Indonesia and EU celebrate one year of certified legal timber trade
Indonesia and the EU have held a conference to celebrate the first anniversary of the scheme licensing certified legal timber products that Indonesia exports to the EU.
Since the start of FLEGT licensing, named after the EU Forest Law Enforcement, Governance and Trade Action Plan, Indonesia has shipped certified legal timber products worth more than EUR 1 billion to the EU to operators in all 28 EU Member States.
The half-day event in Jakarta on 30 November focused on Indonesia’s achievements, on challenges the EU and Indonesia have encountered, and on opportunities to build upon the progress made through FLEGT licensing to date.
The FLEGT licensing scheme is the result of a Voluntary Partnership Agreement, which Indonesia and the EU negotiated to address illegal logging, improve forest governance and promote trade in legal timber products.

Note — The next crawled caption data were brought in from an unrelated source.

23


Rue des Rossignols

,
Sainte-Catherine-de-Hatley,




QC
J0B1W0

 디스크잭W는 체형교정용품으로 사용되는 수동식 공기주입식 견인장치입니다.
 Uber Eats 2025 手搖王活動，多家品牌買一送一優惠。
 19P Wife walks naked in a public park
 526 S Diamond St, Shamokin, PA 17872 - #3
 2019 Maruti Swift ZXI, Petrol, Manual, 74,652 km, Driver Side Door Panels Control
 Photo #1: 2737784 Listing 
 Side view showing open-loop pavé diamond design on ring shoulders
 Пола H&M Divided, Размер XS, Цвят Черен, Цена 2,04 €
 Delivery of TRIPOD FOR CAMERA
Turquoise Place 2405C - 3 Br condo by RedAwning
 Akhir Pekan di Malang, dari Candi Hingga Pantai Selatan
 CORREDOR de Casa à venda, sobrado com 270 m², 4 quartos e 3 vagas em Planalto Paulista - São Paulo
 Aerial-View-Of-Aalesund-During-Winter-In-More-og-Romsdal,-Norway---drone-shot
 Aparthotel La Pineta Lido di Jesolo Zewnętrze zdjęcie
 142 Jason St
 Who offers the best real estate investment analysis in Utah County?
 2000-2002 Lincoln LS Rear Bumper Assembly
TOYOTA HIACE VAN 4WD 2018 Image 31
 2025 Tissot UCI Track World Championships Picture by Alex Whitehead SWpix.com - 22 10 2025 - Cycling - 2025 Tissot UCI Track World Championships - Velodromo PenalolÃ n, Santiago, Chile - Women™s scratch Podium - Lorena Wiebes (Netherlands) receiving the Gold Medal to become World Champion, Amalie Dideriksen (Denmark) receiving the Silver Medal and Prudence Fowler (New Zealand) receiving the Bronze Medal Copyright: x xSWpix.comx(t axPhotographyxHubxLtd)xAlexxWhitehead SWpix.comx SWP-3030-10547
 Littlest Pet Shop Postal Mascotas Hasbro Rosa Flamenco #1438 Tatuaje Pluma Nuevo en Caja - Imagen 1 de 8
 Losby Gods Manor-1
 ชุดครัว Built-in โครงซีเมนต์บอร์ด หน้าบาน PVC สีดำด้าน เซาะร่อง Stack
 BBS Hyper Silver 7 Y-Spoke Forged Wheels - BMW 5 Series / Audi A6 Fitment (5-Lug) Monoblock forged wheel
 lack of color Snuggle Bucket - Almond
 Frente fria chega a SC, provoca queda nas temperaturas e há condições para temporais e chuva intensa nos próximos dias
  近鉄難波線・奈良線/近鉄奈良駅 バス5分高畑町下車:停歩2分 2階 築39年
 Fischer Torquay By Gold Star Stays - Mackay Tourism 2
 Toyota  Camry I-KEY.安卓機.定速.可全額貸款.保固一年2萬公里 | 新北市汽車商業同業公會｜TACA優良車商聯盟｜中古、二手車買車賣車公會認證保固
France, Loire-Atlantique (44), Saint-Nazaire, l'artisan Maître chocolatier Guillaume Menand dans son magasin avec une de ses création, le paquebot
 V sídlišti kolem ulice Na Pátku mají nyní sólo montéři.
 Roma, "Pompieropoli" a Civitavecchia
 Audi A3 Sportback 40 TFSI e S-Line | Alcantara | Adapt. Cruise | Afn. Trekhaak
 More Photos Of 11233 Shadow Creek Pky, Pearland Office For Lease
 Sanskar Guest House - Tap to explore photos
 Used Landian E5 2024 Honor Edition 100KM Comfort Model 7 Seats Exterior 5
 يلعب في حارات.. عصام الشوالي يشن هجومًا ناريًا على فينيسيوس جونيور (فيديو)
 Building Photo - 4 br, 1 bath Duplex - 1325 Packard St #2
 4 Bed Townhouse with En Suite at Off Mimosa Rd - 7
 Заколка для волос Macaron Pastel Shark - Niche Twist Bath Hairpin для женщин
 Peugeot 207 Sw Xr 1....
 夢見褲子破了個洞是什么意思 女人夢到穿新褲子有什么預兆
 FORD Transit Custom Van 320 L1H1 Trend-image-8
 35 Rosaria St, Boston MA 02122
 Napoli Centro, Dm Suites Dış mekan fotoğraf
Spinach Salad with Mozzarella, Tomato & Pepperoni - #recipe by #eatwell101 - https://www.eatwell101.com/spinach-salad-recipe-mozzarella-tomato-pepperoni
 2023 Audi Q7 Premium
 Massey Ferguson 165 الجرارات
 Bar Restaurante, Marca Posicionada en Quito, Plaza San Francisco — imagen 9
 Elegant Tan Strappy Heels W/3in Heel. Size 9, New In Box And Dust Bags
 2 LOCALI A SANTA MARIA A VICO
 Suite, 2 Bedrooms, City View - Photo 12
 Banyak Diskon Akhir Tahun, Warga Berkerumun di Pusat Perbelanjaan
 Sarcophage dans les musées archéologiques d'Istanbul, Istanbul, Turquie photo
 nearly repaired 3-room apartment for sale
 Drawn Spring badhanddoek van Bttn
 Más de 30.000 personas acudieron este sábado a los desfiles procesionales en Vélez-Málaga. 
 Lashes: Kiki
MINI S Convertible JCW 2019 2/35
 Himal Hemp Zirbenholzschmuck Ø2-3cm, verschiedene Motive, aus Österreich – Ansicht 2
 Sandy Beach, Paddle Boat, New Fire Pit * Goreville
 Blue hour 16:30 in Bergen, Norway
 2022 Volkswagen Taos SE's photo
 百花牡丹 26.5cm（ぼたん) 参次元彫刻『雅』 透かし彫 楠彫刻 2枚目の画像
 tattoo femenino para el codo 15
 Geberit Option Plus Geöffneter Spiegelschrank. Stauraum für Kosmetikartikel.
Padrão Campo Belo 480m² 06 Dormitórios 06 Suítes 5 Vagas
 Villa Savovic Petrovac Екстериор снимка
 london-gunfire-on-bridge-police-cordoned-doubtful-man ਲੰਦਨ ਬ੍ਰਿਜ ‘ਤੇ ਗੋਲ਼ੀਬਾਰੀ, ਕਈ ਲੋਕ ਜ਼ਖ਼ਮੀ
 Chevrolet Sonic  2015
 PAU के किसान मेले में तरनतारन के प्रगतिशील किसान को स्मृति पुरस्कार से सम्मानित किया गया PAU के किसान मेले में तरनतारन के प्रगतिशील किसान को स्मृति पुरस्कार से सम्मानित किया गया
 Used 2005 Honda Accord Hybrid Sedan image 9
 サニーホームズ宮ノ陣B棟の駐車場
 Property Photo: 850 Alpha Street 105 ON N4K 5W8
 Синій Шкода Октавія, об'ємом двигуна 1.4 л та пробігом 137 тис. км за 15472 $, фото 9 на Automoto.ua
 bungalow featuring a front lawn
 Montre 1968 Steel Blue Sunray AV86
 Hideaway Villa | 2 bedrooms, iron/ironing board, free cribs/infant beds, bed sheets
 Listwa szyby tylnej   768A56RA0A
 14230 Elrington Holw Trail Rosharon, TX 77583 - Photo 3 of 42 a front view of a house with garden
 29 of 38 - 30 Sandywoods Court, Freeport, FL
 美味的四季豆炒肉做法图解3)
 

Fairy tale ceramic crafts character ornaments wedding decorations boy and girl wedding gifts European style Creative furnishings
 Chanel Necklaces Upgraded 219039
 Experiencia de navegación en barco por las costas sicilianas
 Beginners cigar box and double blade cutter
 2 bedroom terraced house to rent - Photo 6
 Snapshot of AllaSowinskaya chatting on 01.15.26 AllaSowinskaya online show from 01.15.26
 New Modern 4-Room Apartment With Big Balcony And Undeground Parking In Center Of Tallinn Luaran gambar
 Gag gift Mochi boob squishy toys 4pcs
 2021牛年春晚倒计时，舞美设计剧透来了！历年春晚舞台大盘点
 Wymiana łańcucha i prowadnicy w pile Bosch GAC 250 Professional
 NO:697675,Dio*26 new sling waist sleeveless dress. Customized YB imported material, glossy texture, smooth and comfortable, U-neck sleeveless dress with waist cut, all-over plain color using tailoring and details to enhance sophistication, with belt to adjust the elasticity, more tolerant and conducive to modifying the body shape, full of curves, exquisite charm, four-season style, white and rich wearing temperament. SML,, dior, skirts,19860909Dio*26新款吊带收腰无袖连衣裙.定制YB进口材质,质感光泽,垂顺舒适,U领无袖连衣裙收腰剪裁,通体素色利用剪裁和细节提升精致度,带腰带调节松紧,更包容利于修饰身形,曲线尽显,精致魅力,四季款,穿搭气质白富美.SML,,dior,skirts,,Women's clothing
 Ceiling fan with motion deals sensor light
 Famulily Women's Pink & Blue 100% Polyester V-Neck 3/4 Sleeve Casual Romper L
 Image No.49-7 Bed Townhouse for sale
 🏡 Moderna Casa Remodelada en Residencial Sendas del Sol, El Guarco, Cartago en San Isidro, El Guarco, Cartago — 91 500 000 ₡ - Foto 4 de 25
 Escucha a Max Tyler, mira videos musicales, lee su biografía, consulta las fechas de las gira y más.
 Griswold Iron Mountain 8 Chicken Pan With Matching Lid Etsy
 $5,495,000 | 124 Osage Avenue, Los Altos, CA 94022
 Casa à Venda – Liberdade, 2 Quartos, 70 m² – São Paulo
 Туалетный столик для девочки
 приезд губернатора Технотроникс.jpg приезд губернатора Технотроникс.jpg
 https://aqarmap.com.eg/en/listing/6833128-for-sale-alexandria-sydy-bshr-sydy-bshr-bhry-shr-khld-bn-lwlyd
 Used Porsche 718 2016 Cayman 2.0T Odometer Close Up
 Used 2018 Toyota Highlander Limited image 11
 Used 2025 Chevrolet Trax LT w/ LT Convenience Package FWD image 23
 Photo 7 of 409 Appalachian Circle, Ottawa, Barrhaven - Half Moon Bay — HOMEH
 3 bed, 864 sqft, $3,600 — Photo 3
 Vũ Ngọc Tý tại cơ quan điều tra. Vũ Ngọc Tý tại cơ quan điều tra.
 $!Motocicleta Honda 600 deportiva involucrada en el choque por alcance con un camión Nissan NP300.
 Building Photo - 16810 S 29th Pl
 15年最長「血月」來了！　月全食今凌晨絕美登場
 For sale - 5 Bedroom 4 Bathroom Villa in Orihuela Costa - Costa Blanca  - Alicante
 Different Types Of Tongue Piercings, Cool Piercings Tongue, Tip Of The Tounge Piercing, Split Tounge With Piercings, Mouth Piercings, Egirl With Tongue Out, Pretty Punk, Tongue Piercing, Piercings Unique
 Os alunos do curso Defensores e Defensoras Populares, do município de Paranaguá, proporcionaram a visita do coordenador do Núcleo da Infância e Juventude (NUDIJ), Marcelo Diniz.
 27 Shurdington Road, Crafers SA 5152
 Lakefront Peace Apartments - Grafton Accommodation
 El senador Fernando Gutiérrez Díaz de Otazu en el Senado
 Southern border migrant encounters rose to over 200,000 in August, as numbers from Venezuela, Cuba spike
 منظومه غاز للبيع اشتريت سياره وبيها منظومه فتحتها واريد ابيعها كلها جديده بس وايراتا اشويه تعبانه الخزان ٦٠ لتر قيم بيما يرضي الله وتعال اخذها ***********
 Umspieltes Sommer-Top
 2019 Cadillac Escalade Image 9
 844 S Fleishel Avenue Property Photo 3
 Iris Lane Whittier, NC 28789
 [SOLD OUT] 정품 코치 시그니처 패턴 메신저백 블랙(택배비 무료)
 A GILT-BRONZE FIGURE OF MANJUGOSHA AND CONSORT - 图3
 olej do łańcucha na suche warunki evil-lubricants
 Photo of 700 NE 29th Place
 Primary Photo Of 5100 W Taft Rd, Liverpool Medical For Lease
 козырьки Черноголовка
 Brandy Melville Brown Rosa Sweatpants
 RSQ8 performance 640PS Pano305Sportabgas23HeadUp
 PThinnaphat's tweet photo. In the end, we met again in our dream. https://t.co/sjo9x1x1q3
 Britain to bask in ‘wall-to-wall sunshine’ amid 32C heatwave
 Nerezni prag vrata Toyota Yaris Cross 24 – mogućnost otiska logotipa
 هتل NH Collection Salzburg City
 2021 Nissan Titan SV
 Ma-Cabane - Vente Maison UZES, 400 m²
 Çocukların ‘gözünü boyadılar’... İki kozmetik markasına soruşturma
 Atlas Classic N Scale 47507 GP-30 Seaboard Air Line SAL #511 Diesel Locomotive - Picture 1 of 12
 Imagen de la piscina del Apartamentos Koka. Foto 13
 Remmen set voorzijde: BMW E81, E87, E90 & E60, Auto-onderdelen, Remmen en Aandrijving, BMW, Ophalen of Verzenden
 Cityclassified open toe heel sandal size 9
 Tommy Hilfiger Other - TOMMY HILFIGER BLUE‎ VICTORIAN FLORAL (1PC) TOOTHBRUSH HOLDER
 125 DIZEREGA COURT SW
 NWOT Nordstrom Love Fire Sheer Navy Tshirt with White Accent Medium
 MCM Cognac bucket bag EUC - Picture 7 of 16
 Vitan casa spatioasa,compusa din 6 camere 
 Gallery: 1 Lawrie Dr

“Indonesia is committed to improve forest law enforcement and governance through responsible trade of legal and certified timber,” said Siti Nurbaya Bakar, Indonesia’s Minister of Environment and Forestry. “This contributes to Indonesia’s economic development, and broader socio-environmental benefits, including climate action.”
Indonesia is the first country in the world to issue FLEGT licences for timber products it exports to the EU, automatically meeting the EU’s strict legality requirements.
"The FLEGT partnerships aim to benefit both people and the planet,” said Vincent Guérend, the EU Ambassador to Indonesia. “They strengthen rights, increase prosperity and help Indonesia in its efforts to manage its forests sustainably and use them to limit climate change.”
In parallel to Indonesia’s issuance of FLEGT licences, the EU Member States have increased enforcement of the EU Timber Regulation (EUTR), which prohibits operators from placing illegally-harvested timber and timber products on the EU market.
Between March 2015 and February 2017, authorities in EU countries conducted 2,704 checks on operators related to imported timber, leading to 525 notices of remedial actions and 139 penalties. In addition, six court cases were concluded. This demonstrates that the EU is very serious in ensuring that only legal timber is entering its market.